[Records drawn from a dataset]
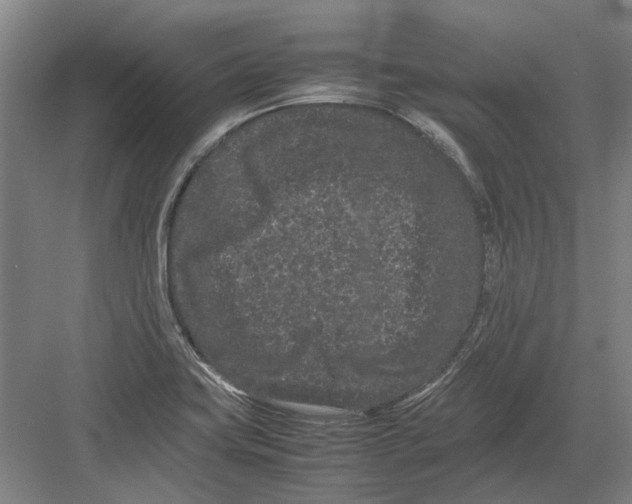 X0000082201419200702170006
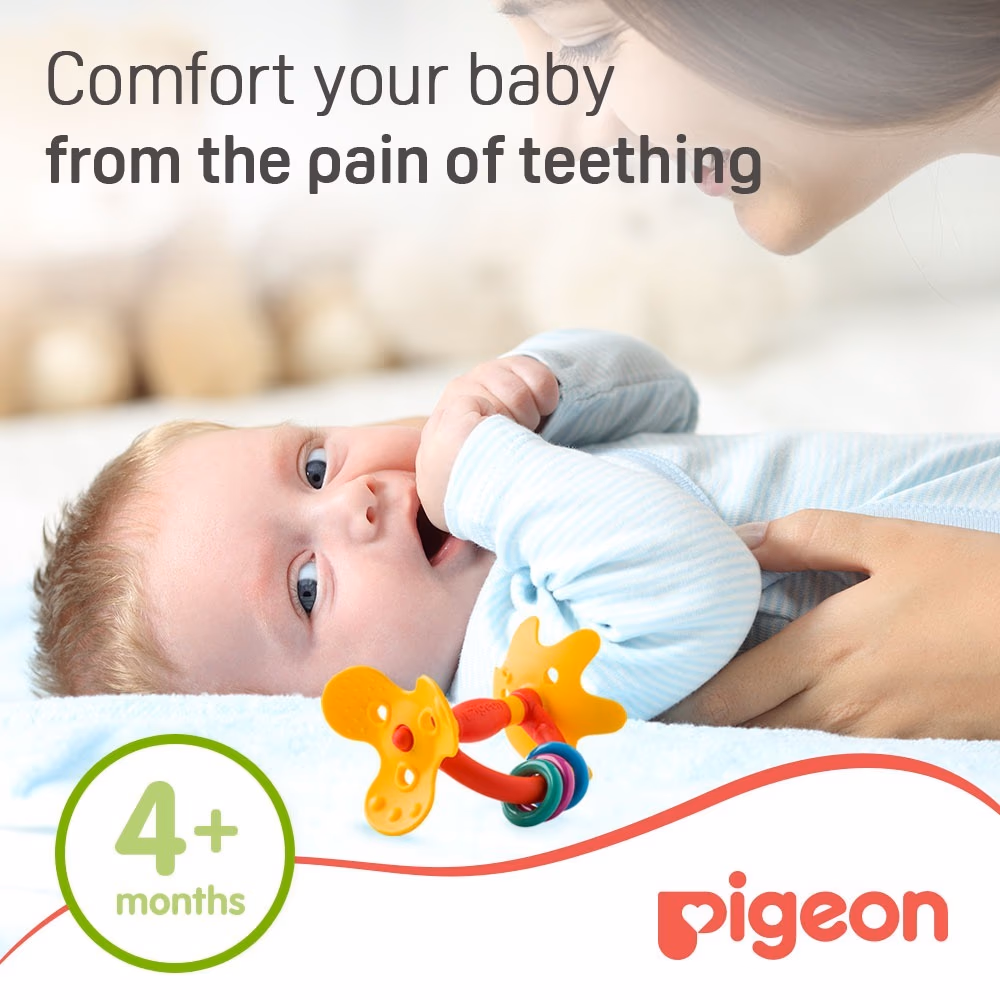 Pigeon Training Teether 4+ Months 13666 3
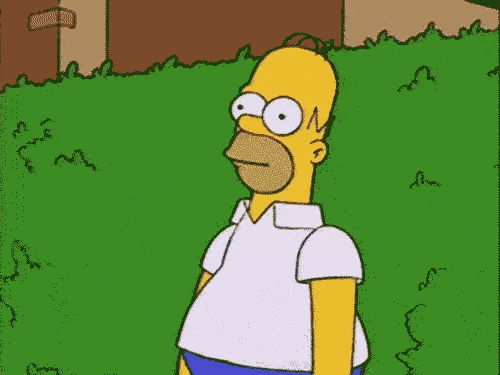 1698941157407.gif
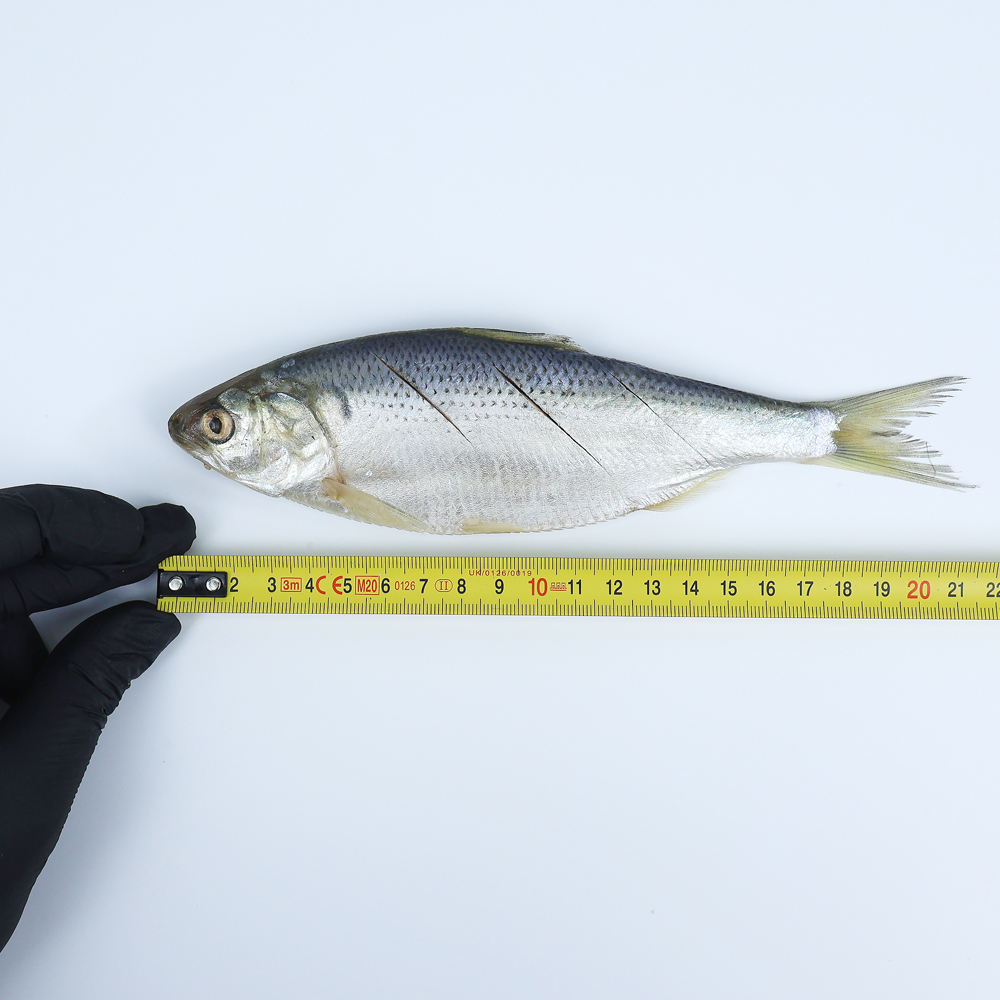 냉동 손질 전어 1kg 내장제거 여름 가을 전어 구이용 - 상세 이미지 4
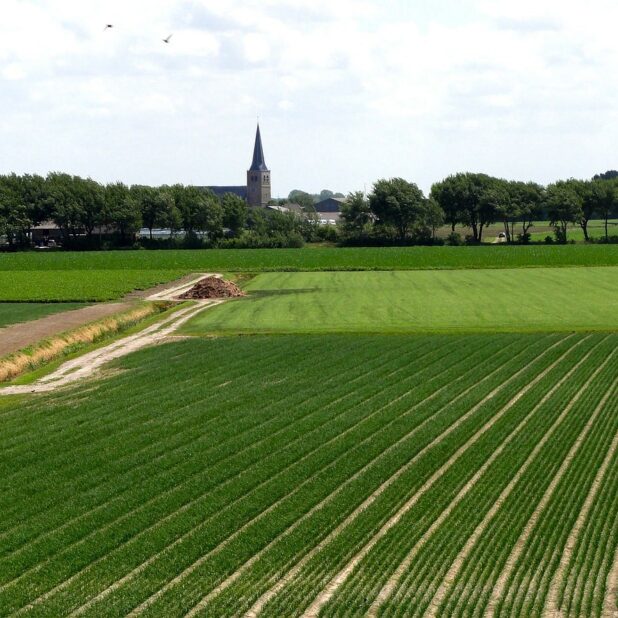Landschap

> The problem:
Set down the records in full and exactly. Do not carry over any image.

> Answer for the task:
 X0000082201419200702170006
 Pigeon Training Teether 4+ Months 13666 3
 1698941157407.gif
 냉동 손질 전어 1kg 내장제거 여름 가을 전어 구이용 - 상세 이미지 4
Landschap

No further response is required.